→ **Recorded data**

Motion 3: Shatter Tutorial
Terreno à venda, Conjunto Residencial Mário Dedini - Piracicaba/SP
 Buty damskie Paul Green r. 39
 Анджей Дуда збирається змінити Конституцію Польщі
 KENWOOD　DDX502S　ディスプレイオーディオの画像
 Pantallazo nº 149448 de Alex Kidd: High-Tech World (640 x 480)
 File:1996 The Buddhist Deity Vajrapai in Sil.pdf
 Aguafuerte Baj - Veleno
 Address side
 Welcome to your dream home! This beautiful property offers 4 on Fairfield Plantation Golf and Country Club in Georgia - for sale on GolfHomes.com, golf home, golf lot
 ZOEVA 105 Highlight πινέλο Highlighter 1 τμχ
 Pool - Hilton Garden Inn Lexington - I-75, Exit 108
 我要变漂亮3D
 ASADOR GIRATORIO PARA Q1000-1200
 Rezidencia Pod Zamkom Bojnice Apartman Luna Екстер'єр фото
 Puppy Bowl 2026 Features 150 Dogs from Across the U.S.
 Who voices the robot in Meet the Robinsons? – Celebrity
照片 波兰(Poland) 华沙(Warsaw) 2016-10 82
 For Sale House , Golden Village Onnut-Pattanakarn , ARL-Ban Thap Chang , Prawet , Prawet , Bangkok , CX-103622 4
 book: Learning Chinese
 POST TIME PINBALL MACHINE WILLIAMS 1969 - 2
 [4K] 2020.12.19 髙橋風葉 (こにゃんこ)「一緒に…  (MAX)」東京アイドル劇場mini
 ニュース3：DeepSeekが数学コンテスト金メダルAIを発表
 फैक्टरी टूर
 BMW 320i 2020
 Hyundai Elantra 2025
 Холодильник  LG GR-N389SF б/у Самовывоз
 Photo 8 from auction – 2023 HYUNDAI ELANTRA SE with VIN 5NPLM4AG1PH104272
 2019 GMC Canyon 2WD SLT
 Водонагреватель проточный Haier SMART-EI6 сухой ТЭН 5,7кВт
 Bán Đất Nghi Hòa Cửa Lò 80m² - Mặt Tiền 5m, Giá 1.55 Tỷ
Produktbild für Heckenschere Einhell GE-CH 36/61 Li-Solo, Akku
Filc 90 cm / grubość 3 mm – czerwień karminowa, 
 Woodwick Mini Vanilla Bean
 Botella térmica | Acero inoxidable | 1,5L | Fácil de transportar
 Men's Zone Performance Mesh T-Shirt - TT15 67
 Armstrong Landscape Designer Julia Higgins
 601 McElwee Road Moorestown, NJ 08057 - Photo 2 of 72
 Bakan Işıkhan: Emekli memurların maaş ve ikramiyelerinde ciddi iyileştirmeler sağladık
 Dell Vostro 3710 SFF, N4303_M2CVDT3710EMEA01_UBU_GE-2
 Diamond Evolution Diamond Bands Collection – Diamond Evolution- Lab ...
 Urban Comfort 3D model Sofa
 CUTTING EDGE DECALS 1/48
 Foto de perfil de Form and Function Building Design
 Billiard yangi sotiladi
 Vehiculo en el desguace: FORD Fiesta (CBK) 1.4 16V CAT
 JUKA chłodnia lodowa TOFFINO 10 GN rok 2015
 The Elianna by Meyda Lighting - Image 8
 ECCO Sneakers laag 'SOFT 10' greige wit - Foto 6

→ **ASSIGNMENT**
Go through the entries and return each line where the word "Photo" appears.

→ **WRITTEN RESPONSE**
 Photo 8 from auction – 2023 HYUNDAI ELANTRA SE with VIN 5NPLM4AG1PH104272
 601 McElwee Road Moorestown, NJ 08057 - Photo 2 of 72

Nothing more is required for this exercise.